Prendiamo ad esempio il distributore che, nella presentazione sul self-publishing in Italia, ha candidamente dichiarato, o meglio, confermato che non c’è spazio per gli autori indipendenti nel normale circuito di distribuzione. E dopo aver specificato che il prodotto in self deve essere di qualità e che bisogna essere proattivi nel farsi conoscere (grazie della vitale informazione, ma chi ha deciso di intraprendere questa strada seriamente già ne è consapevole), lascia quantomeno perplessi l’invito ad affidarsi a un editore o ad aprirsi una propria casa editrice solo per accedere alla distribuzione. Come se fosse una cosa da nulla. E comunque è ovvio che non sia questa la soluzione.
Viene da chiedersi perché questa persona sia stata invitata a parlare di qualcosa che palesemente non conosce, al punto da doversi far spiegare la definizione del termine “indie”. Il collega libraio che sottolinea quanto sia difficile persino per loro, a volte, recuperare i libri di case editrici anche grandi non aiuta, dato che gli autori indipendenti non vengono proprio accettati, quasi fossero di serie B, come suggerito durante una domanda. O quasi come se fossero inesistenti o irrilevanti.
Autori di serie A e autori di serie B
In che cosa, quindi, questi autopubblicati sono così diversi da non meritare neanche la semplice disponibilità a essere ordinati? Una disponibilità reale, non quella millantata ovunque, ma che poi non viene resa effettiva perché i costi per i librai diventerebbero troppo alti. Di certo la differenza non è nella cura del prodotto, dato che gli autori al Salone hanno dovuto superare una selezione che ne ha valutato persino l’impaginazione. Si potrebbe obiettare che alcuni libri in self sono a dir poco scadenti, ma ricordiamoci che le librerie possono scegliere quali autori ospitare tra i loro scaffali e che nel vasto mondo dell’editoria esistono gli editori a pagamento che, è risaputo, non fanno della qualità la loro bandiera.
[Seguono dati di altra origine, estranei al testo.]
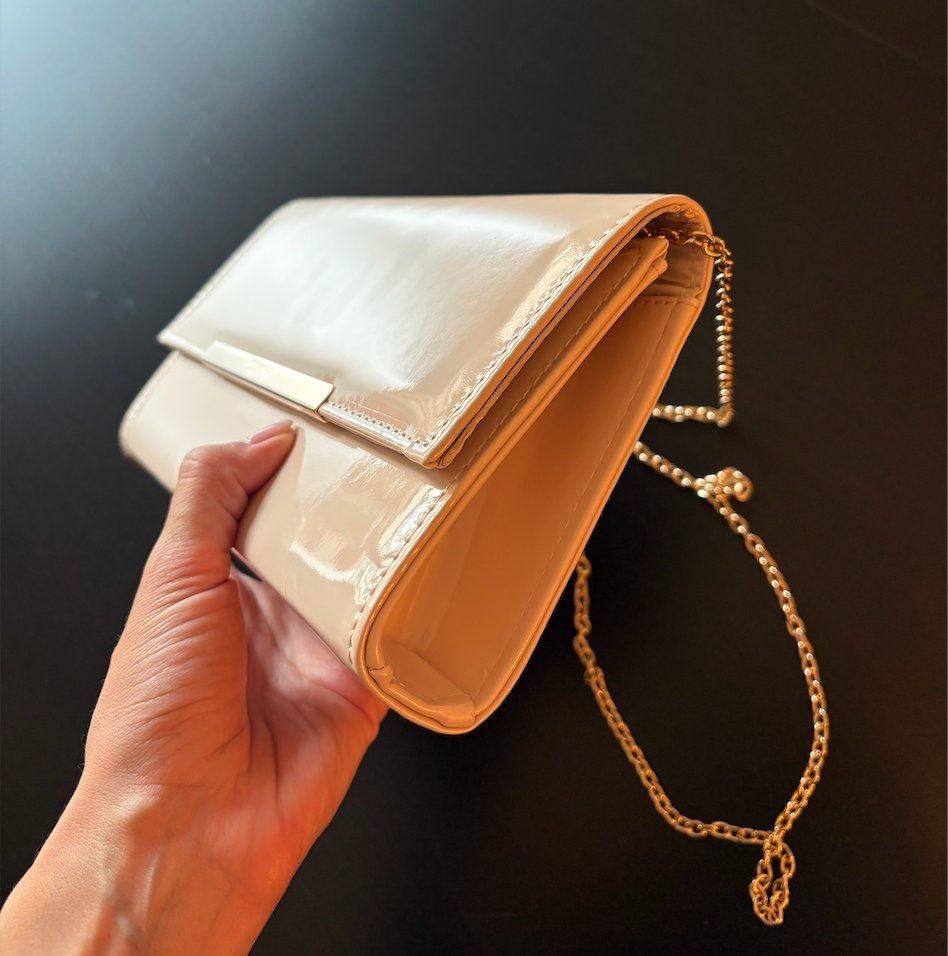 Borse da donna: Accessorize Blush Pink Evening Bag with Gold Chain – Usato da Zürich venduto da KeyboardStep 1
A proposito, alcuni di essi erano presenti al Salone, perciò il problema non è decisamente la cura del prodotto. Forse il problema è solo nella gestione stessa della distribuzione e nel menefreghismo dei piani alti verso chi porta pochi soldi, dato che anche i piccoli e i micro editori riscontrano difficoltà enormi per arrivare in libreria.
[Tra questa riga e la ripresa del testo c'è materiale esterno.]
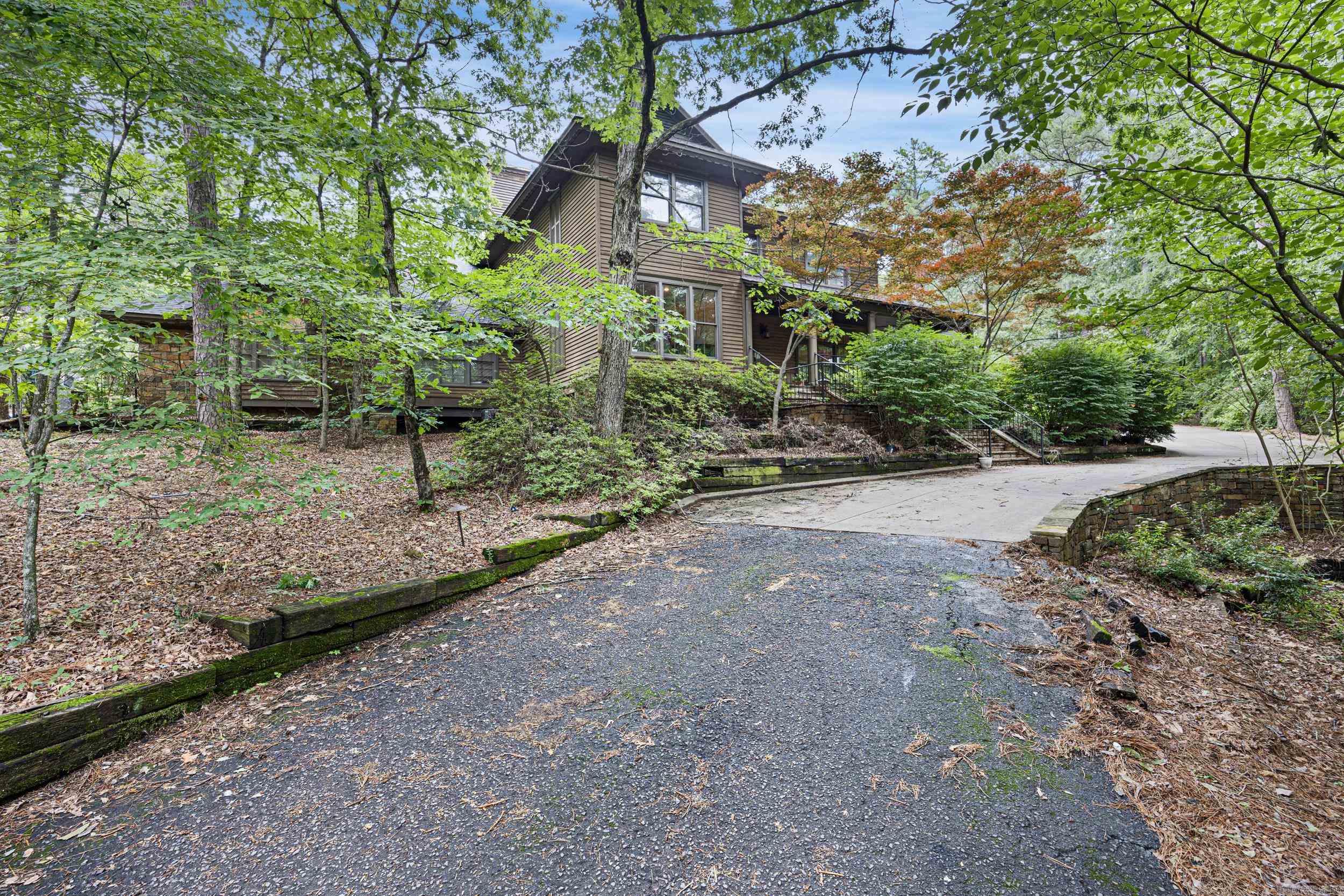 RIVER OAKS - Residential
La speranza è che questo primo passo in avanti contribuisca a far conoscere e apprezzare una realtà che all’estero già corre parallela a quella delle case editrici. Non a caso, negli Stati Uniti chi si autopubblica con Amazon ha la possibilità di essere distribuito nei circuiti di Barnes and Noble, come chiunque altro. Perché un autore che decide di scegliersi la squadra con cui lavorare e dimostra, nei fatti, di aver creato un buon prodotto, non merita di essere messo da parte solo perché non ha ricevuto il bollino di approvazione di una casa editrice.
lo sono una dei 170 autori self che quest’anno è stata selezionata per la la libreria self del Salone del libro di Torino, grazie alla determinazione e professionalità di Sara Speciani. Sono stata presente al Salone nelle tre giornate in cui la libreria era aperta e posso testimoniare che è stato un grande successo di vendita e di folla interessata ai nostri titoli, la posizione quest’anno era migliore rispetto all’anno scorso (anche in quell’occasione ero presente) e la selezione dei titoli più curata, la libreria aveva un aspetto invitante e attraente, e per noi è stata una grande esperienza di scambio professionale e crescita. Non ho alcuna critica da fare, anzi ringrazio ancora gli organizzatori per l’opportunità che ci è stata accordata. Per noi self è stata una conferma della validità delle nostre opere in un mercato italiano che resta molto diffidente rispetto all’auto pubblicazione. Il salone del libro di Torino è la prima e più importante manifestazione del settore che ci ha accolti, ad esempio
“Una Marina di libri” non ha alcuna attenzione per gli autori self.